Die Überlieferungen aus dem Altertum, um das VI. Jahrhundert, erwähnen slawische Stämme die auf dem Territorum des heutigen Polens wohnten. Im VII. Jahrhundert entstanden die ersten befestigten Siedlungen (die wichtigste Burg im Weichselgebiet war Krakau). Die Gründung des organisierten polnischen Staates (das X. Jahrhundert) und sein Aufschwung sind mit dem Fürstenhaus von Piasten und später von Jagellonen verbunden. Die Jagielloner Aera, d.h. das XV. Jahrhundert, und vor allem das XVI. Jahrhundert wird als "das Goldene Zeitalter der polnischen Kultur" bezeichnet, wobei die zahlreichen Residenzen (u.a.

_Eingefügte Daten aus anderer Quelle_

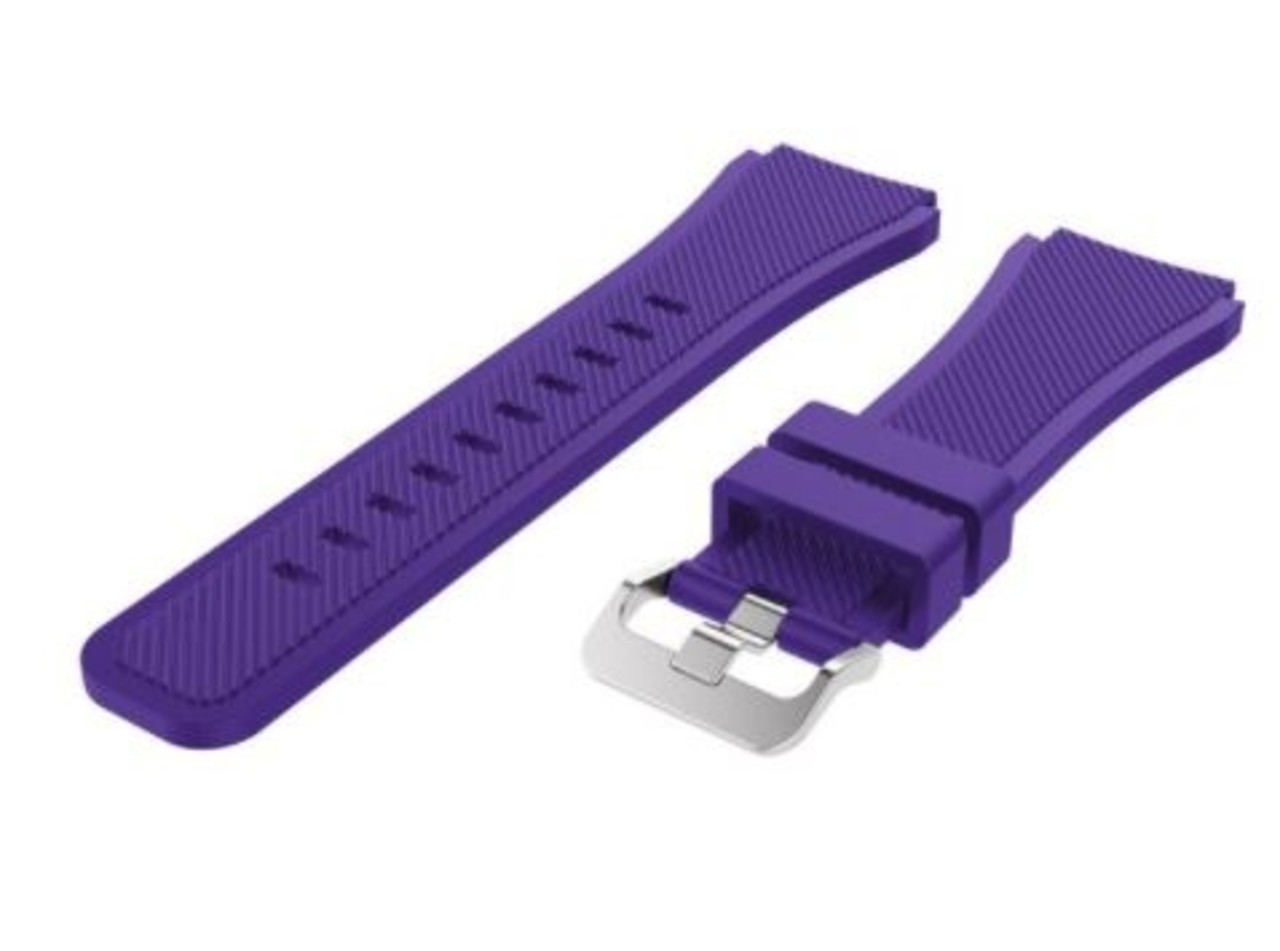 Garmin Vivoactive 3 silicone band (paars)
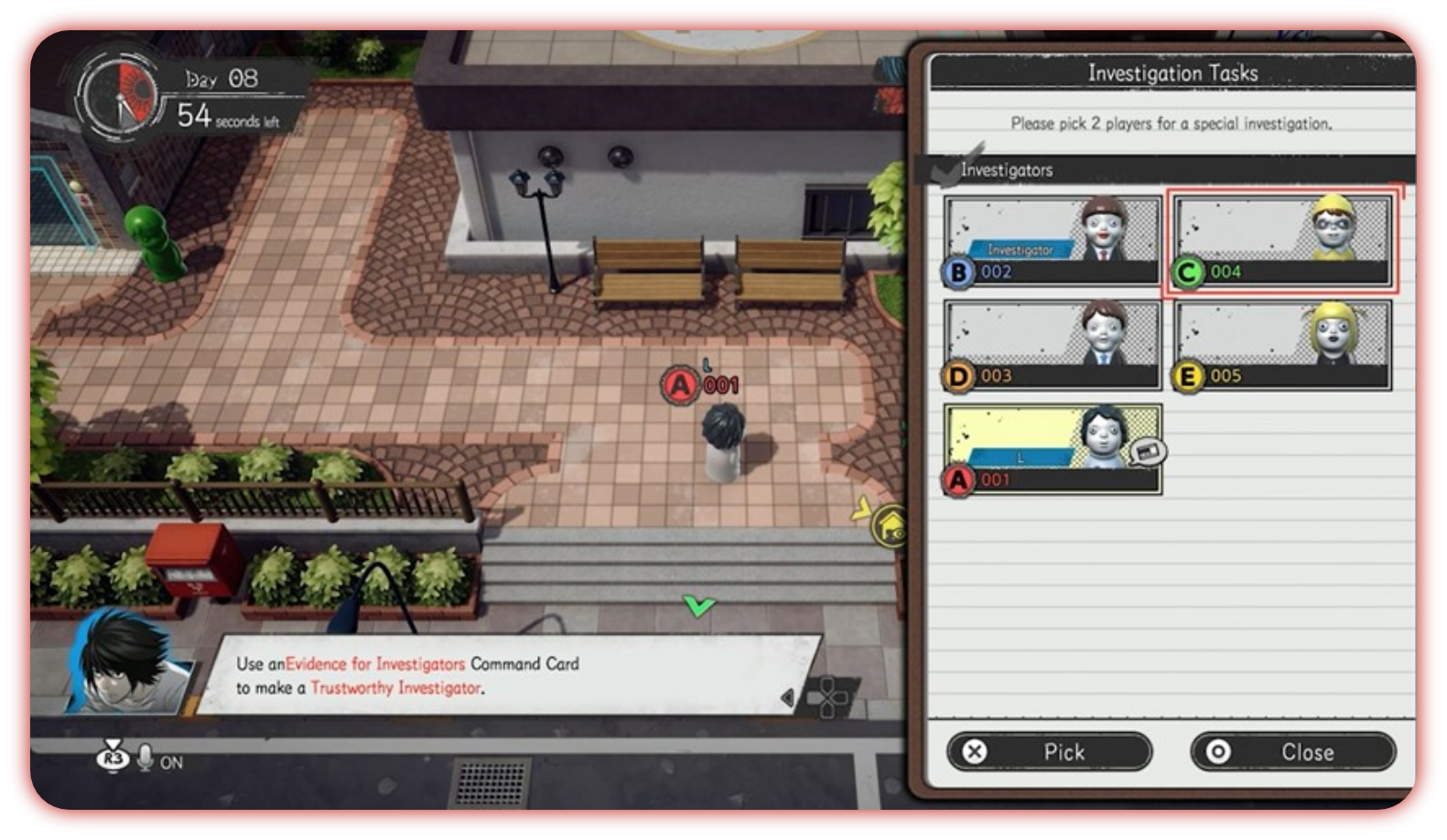 Joint Investigation by L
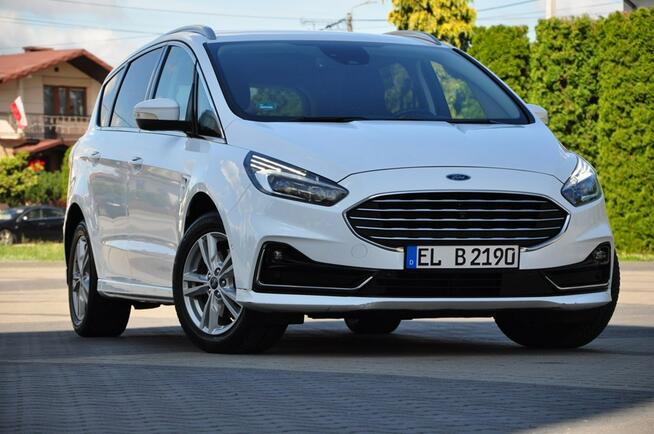 Ford S-Max 2,0 D 190KM Full Led Lift Navi Kamera Alufelgi El.Klapa PDC Serwis !!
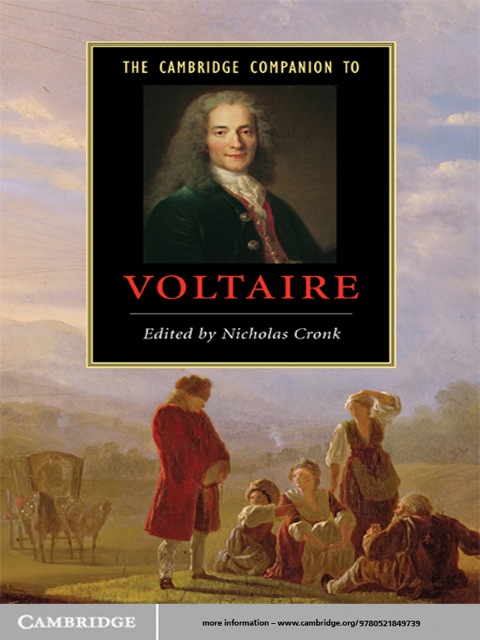 Cover image for book The Cambridge Companion to Voltaire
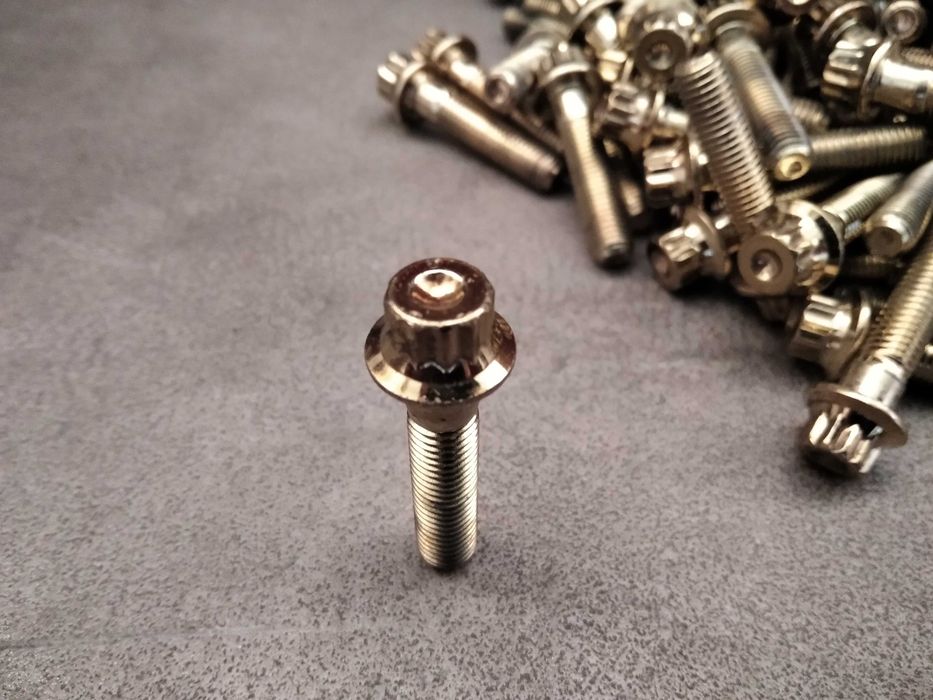 Позлатени болтове разглобяеми джанти BBS RS OZ Ronal ББС Ac Schnintzer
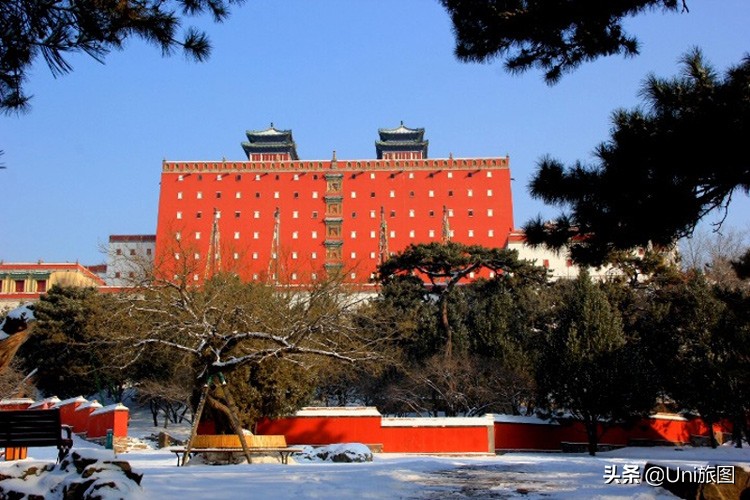 河北有座“小布达拉宫”,雄伟壮观,气势不输布达拉宫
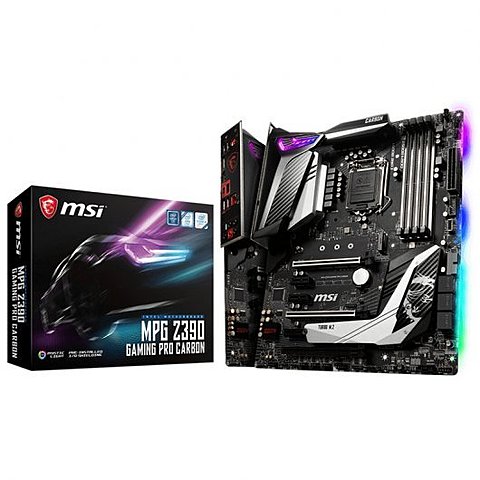 MSI Mpg Z390 Gaming Pro Carbon
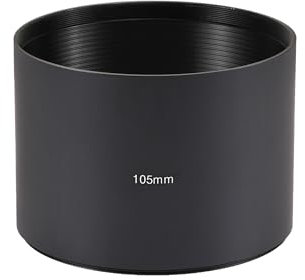 Fotga Telezoom-Gegenlichtblende aus Metall, 105 mm x 78 mm, Gewinde zum Einschrauben, für Sigma 150-600 mm F5-6.3 DG OS HSM Sports 60-600 mm F4.5-6.3 DG DN OS Sports105 mm F1.4 DG HSM Objektiv für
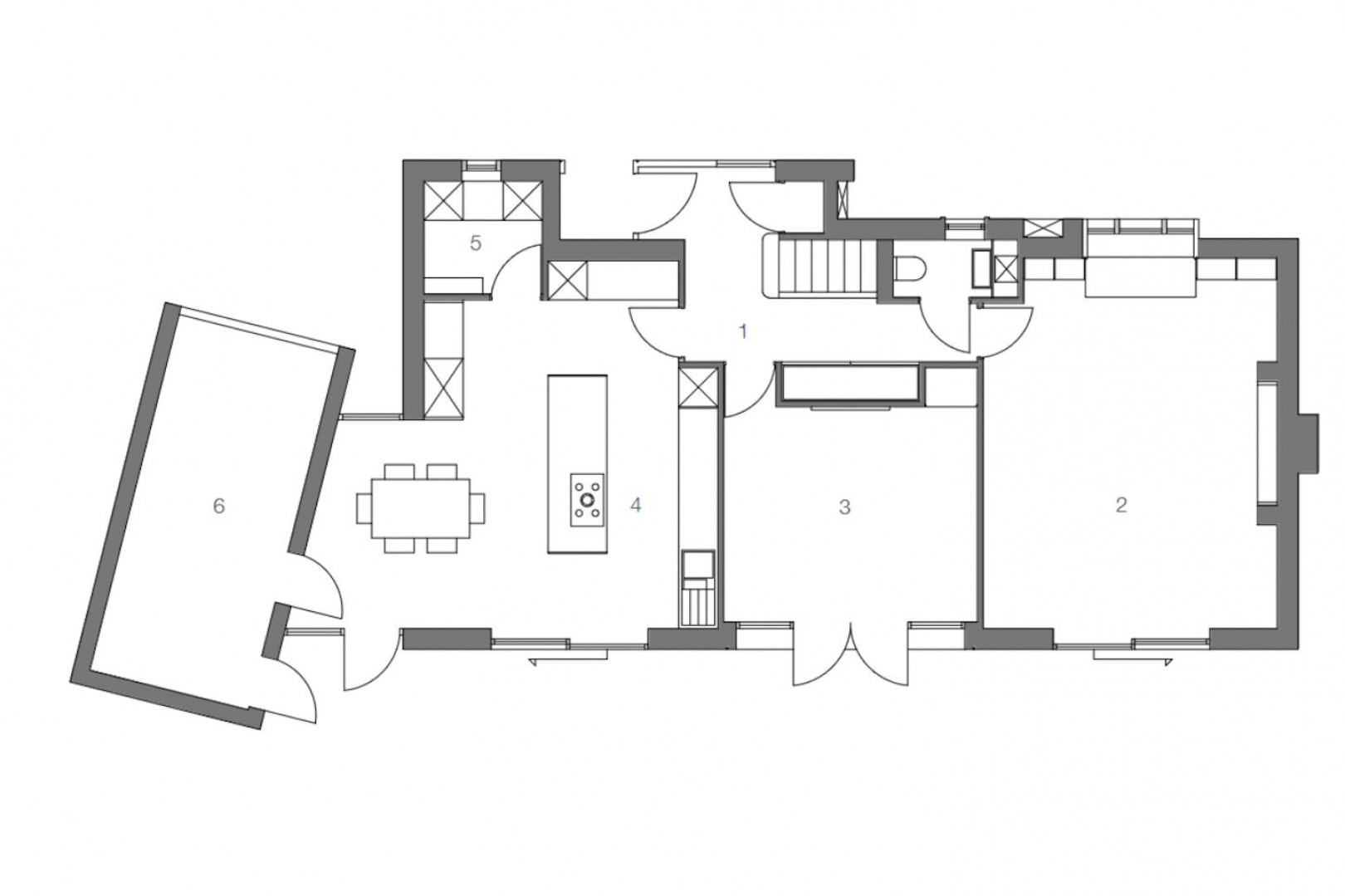 Floorplan for Bassett Road, Sully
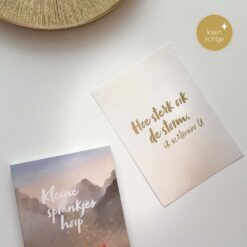 LEV Poster - Hoe sterk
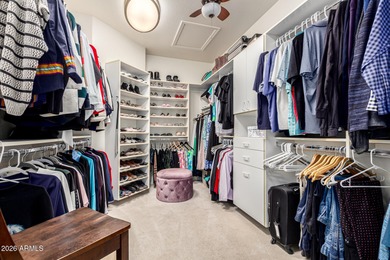 Stunning panoramic water & golf views highlight this beautifully on Oakwood Golf Club  in Arizona - for sale on GolfHomes.com, golf home, golf lot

Wawel, Piaskowa Skala), die Kunstwerke und die damaligen Wissenschaftserrungenschaften (u.a. von Kopernik) heute noch bekannt sind. Seit dem XI. Jahrhundert war Krakau die Hauptstadt von Polen. Obwohl seit dem XVII. Jahrhundert Warschau die Hauptstadt Polens wurde, hatte die Krönung der Könige und die Königsbeerdigungen immer in Krakau stattgefunden. Im XVII. Jahrhundert hatte Polen mit Schweden, Russland und der Türkei Kriege geführt, die erhebliche materielle Verluste sowohl die Verluste von Kulturgüter mit sich brachten. Am Ende des XVIII. Jahrhunderts wurde Polen dreimal unter Österreich, Russland und Deutschland aufgeteilt. Polen ist damals von der Europakarte verschwunden, obwohl das Volksbewusstsein auf polnischem Boden immer noch lebhaft war. Davon zeugen die damaligen Freiheitsbewegungen oder der vaterländischer Charakter vom Schaffen der Polen. Nach dem I. Weltkrieg erhielt Polen seine Unabhängigkeit wieder, verlor sie aber erneut für einige Jahren wegen des II. Weltkriegs. Die Okkupation von Hitler hat vielen Millionen Polen und Juden den Tod gebracht (u.a. im Konzentrationslager in Auschwitz). In 1989 Jahre, im Zusammenhang mit einer Gesellschaftsordnungstransformation, hat Polen angefangen die Politik der offenen Tür zu führen und ist in vielseitigen Beziehungen mit westlichen Ländern getreten.
Zu den im Ausland bekanntesten Polen gehören: der Papst Johannes Paulus der II., Lech Walesa und zwei Nobelpreisträger - Czeslaw Milosz und Wislawa Szymborska (die beiden wohnen zur Zeit in Krakau), Tadeusz Mazowiecki, Leszek Balcerowicz.